**GOAL OF THE EXERCISE**. Starting with the line that contains "Swatch | Originals", copy out each line through the end of the entries below, exactly as written, and nothing else.

Dataset excerpts
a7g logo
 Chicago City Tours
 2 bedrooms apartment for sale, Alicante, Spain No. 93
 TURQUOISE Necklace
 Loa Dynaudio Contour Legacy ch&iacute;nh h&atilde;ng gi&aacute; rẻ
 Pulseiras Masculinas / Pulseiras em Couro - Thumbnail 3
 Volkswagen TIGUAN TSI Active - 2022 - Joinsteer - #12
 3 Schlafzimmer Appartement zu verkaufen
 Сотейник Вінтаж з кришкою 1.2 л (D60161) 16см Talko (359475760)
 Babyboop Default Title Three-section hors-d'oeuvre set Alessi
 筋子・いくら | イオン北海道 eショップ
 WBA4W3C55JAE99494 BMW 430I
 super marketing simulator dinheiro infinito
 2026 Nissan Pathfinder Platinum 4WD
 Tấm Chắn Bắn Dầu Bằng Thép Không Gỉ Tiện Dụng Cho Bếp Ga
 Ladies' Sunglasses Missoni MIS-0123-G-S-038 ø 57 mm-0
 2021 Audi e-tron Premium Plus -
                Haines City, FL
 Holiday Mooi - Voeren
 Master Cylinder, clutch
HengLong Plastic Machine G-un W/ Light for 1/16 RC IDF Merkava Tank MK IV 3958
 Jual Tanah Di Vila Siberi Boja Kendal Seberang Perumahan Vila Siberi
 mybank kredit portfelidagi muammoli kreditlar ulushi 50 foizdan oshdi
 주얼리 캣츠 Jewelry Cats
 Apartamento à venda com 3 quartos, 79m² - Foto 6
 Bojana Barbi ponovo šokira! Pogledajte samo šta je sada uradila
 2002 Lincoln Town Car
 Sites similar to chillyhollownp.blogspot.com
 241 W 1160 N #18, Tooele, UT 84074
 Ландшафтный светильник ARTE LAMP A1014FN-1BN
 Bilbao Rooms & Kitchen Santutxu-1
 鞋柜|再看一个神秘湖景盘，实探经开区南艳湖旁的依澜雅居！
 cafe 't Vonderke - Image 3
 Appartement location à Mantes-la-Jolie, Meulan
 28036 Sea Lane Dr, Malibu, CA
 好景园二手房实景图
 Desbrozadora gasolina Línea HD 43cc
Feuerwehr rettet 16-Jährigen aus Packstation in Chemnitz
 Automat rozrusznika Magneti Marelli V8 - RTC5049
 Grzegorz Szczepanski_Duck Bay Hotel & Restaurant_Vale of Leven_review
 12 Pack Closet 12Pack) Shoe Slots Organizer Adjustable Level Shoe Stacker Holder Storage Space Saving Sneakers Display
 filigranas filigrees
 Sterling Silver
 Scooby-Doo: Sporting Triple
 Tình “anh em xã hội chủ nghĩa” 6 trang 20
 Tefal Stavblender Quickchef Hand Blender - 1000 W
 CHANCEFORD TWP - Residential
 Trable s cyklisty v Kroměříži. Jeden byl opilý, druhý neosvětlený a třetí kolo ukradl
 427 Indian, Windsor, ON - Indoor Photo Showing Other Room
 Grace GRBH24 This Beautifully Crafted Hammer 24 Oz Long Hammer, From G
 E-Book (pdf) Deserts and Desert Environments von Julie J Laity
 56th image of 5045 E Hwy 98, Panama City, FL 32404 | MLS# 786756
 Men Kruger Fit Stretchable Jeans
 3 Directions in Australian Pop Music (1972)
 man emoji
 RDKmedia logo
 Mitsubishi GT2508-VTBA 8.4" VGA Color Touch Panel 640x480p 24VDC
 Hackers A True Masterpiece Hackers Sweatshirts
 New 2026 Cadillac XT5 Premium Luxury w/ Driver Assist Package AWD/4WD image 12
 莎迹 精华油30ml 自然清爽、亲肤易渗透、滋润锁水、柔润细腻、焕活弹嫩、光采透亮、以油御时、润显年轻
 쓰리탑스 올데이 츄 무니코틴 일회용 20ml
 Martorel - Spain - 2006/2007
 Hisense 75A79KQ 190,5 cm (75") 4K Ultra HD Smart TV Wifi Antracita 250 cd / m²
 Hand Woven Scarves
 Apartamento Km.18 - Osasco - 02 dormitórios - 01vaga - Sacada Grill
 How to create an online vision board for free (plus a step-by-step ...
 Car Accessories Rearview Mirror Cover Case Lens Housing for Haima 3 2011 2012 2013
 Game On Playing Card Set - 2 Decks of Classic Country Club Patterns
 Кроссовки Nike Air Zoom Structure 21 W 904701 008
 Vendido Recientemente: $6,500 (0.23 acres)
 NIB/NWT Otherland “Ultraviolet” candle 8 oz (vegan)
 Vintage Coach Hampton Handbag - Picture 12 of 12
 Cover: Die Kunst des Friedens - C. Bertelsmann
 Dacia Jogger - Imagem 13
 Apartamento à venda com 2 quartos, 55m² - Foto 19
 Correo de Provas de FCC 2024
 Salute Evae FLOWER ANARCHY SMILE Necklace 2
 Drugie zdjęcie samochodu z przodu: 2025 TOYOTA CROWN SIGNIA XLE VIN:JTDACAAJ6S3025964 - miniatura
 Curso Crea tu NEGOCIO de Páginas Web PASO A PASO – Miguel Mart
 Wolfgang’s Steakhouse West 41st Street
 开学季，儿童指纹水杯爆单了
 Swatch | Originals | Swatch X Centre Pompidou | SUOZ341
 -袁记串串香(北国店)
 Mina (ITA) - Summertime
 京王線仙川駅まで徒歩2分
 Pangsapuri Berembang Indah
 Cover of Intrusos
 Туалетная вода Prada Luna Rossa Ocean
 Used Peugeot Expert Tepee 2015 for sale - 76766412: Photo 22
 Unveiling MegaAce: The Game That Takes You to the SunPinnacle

**RESULT BELOW**.
 Swatch | Originals | Swatch X Centre Pompidou | SUOZ341
 -袁记串串香(北国店)
 Mina (ITA) - Summertime
 京王線仙川駅まで徒歩2分
 Pangsapuri Berembang Indah
 Cover of Intrusos
 Туалетная вода Prada Luna Rossa Ocean
 Used Peugeot Expert Tepee 2015 for sale - 76766412: Photo 22
 Unveiling MegaAce: The Game That Takes You to the SunPinnacle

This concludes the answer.